Other signs already in place were obtained as part of a program designed to spread the word quickly about missing children. The Morgan Nick Amber Alert System is named after a 6-year-old girl who was abducted from an Alma baseball park in 1995. She was never found.

All told, the department now has 69 permanently mounted dynamic message signs across the state, 34 traffic cameras and 10 permanent locations for highway advisory radio stations available, according to an inventory Ort supplied. The department's research section has another 16 cameras, but they aren't available to the rest of the agency. The department also has some portable dynamic message boards and radio transmitters.

The dynamic message boards can be used to display traffic times, traffic advisories, unplanned incidents, maintenance or construction activities, or weather-advisories and alerts, Scott Bennett, the agency director, told commission members in a briefing last month.

The cameras can be used to observe traffic flows and verify incidents affecting traffic and can eventually be monitored from the traffic management center, he said. The radios are used to distribute more detailed information than can be displayed on dynamic message boards, including the cause of the traffic problem, possible alternate routes and expected lengths of delays.

The department also hopes to develop its cameras to the point where motorists will be able to view traffic on iDriveArkansas.com, the department's relatively new website geared toward motorists and traffic information. The cameras can currently only be viewed by department personnel. The new website, which features construction project locations and real-time traffic and weather, has already had 1.5 million visitors in less than a year of operation, according to Ort.

The traffic management center is in the early stages of development.
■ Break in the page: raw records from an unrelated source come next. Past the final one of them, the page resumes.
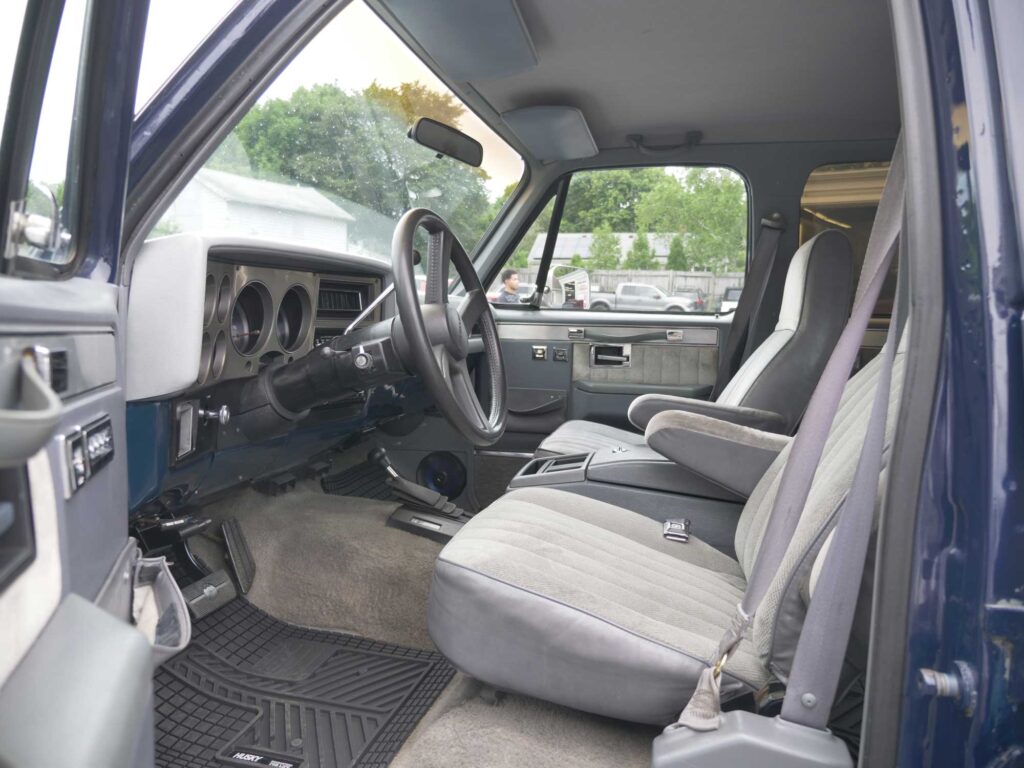 1988 Chevrolet Suburban V20 Silverado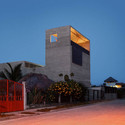 Casa TDA / Cadaval & Solà-Morales - Casas
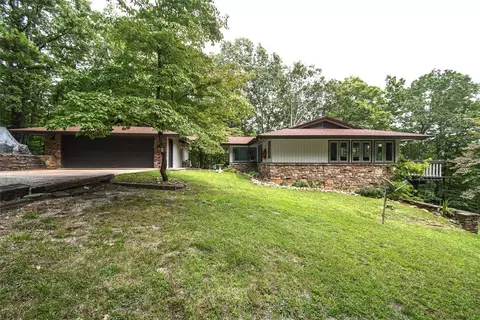 826 Running Water Trl, Kansas, OK 74347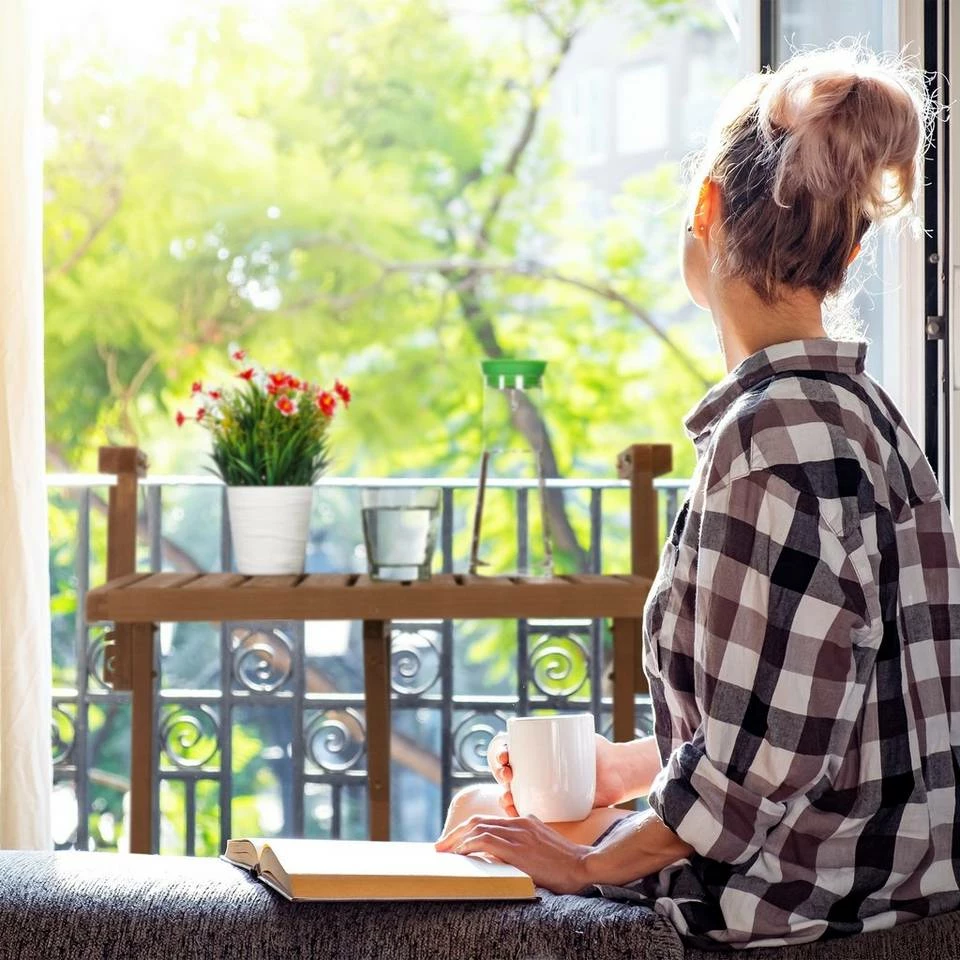 relaxdays Balkonhängetisch »Balkontisch klappbar Holz« 3 relaxdays Balkonhängetisch »Balkontisch klappbar Holz« – Bild 3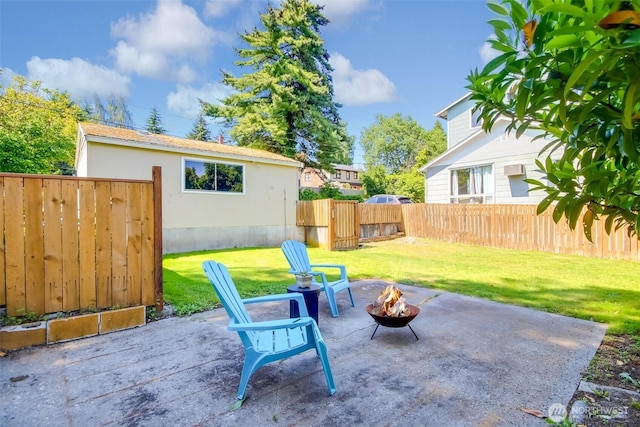 932 N Alder St, Tacoma, WA 98406 - view of patio / terrace featuring a fire pit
Agency officials don't know yet where it will be built and suggest it could be built as part of a joint effort with another agency, such as the Arkansas State Police.

The department's intelligent transportation systems initiative also includes plans to deploy road weather information systems that will collect real-time weather information at strategic locations, Bennett said. The systems could collect pavement surface temperate and conditions and other weather data that the department could use to deploy winter road treatments.

The state intelligent transportation systems comes as local agencies are developing their own architecture. Metroplan, the long-range transportation planning agency for central Arkansas, recently awarded grants totaling $4.5 million that agency officials say will use technology to optimize transportation systems already in place.

The bulk of the money -- nearly $4 million -- will be used to install adaptive traffic-signal systems that will enable the lights to automatically synchronize themselves after assessing traffic in real time and communicating with other traffic signals to keep traffic flowing more efficiently. The system will be installed on University Avenue in Little Rock; Maumelle Boulevard in North Little Rock, Maumelle and Pulaski County; Military Road in Benton; and Dave Ward Drive in Conway.

Additionally, a $600,000 grant will allow the Central Arkansas Transit Authority to provide real-time information on bus arrivals for riders who have cellphones. The system also will provide enhanced Web resources for more efficient online customer-trip planning. Passengers will have the capability to view exact bus locations, as well as enroll in a subscription-based service-alert system to keep passengers informed about their selected routes.

The project will include Wi-Fi access for passengers aboard CATA buses and hardware at the downtown Travel Center to display bus route arrival and location information.

Intelligent transportation systems are the wave of the future in the era of more austere transportation budgets, said Casey Covington, a transportation planner for Metroplan.

"Our plan emphasizes low-cost improvements," Covington said. "You can get better efficiency out of what you already have and improve traffic."